Founded October 1, 1812
Named for Saint Genevieve
Seat Ste. Genevieve
Largest city Ste. Genevieve
Area
 • Total 509 sq mi (1,318 km2)
 • Land 502 sq mi (1,301 km2)
 • Water 7 sq mi (17 km2), 1.29%
Population
 • (2010) 18,145
 • Density 36/sq mi (14/km²)
Congressional district 8th
Time zone Central: UTC-6/-5
Website stegencounty.org

Sainte Genevieve County, often abbreviated Ste. Genevieve County (French: Ste-Geneviève), is a county located in the eastern portion of the U.S. state of Missouri. As of the 2010 census, the population was 18,145.[1] The largest city and county seat is Ste. Genevieve.[2] The county was officially organized on October 1, 1812, and is named after the Spanish district once located in the region, after Saint Genevieve, patroness of Paris, France. It includes the earliest settlement west of the Mississippi River outside of New Spain, part of the French colonial mid-Mississippi valley villages.

History[edit]

Ste. Genevieve County is located on the west bank of the Mississippi River approximately 60 miles (97 km) south of St. Louis. Ste. Genevieve is the principal town and the county seat of Ste. Genevieve County with a population of around 5,000 people. Ste. Genevieve was the first permanent civilized settlement in Missouri. The actual date of establishment is, like many other dates, connected to genealogy. There is a conflict of opinion as to the exact year depending on the preferred source. The year 1735, according to Goodspeed's History of Southeast Missouri, and most of the descendants of the early settlers, is the most generally accepted date. Dr. Carl J. Ekberg, in his book, Colonial Ste. Genevieve, is of the opinion that the date of the establishment of Ste. Genevieve is closer to 1750, based on interpretations of early letters, maps, and Catholic Church documents. Regardless of which date one wishes to believe, Ste. Genevieve is about 250 years old.

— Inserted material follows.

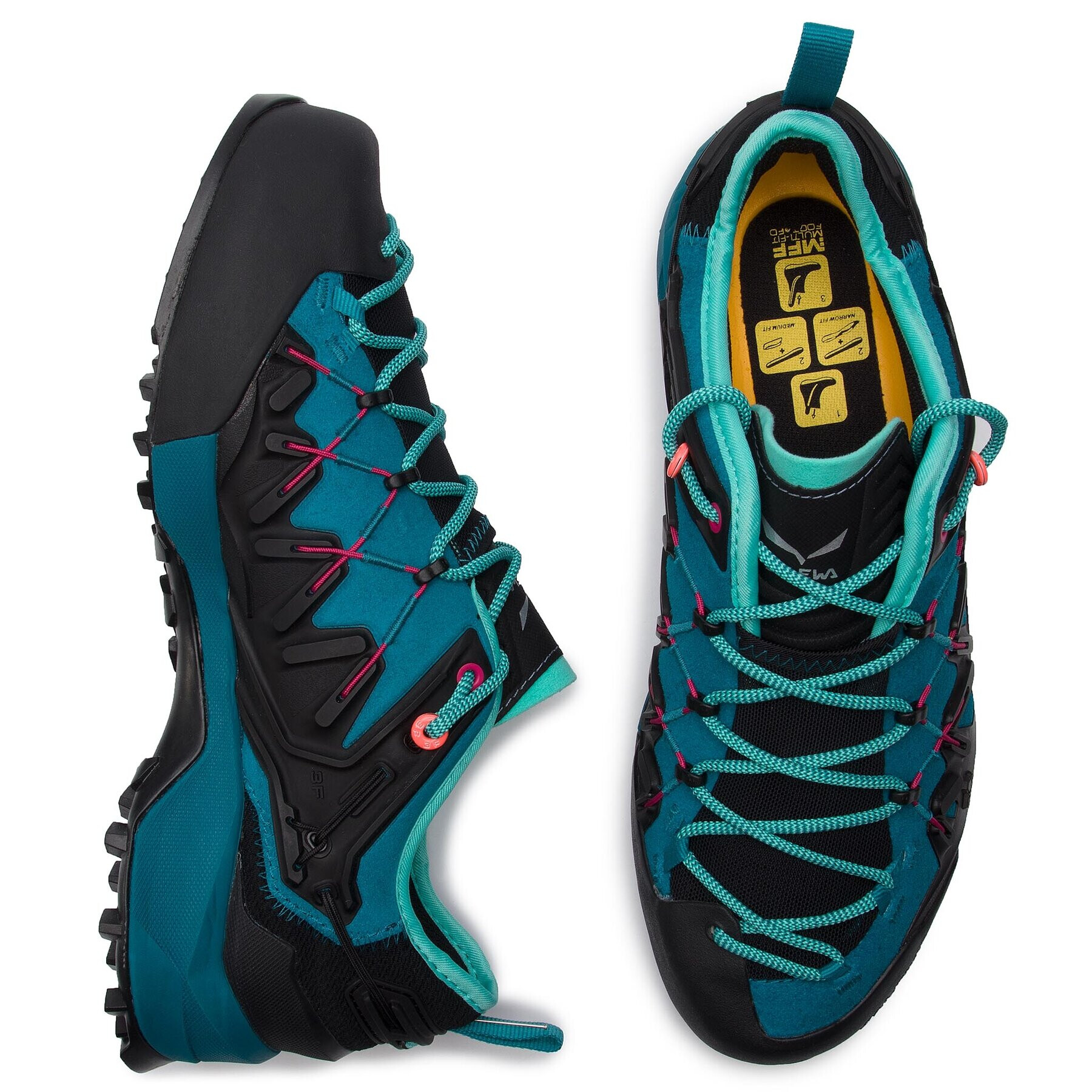 Salewa Туристически Wildfire Edge 61347-8736 Син - Pepit.bg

The village of Ste. Genevieve was originally included in the Illinois Country. This was generally accepted to be all the land claimed by the French from the mouth of the Ohio River, north to the Great Lakes, and including the valleys of the Mississippi, Missouri, and Ohio Rivers. The seat of government was established in New Orleans, and what is now Missouri became part of Upper Louisiana Territory. The early French explorers and settlers were known to have been in the Ste. Genevieve area in the very early 18th century.

Salt was a very important commodity then in the preservation of foods and curing of animal hides, and the early French settlers were quick to exploit the salt springs on Saline Creek just below Ste. Genevieve. Mineral explorations lead Renault and La Motte to the area, and some of the very earliest lead mines were named for La Motte in nearby Madison County.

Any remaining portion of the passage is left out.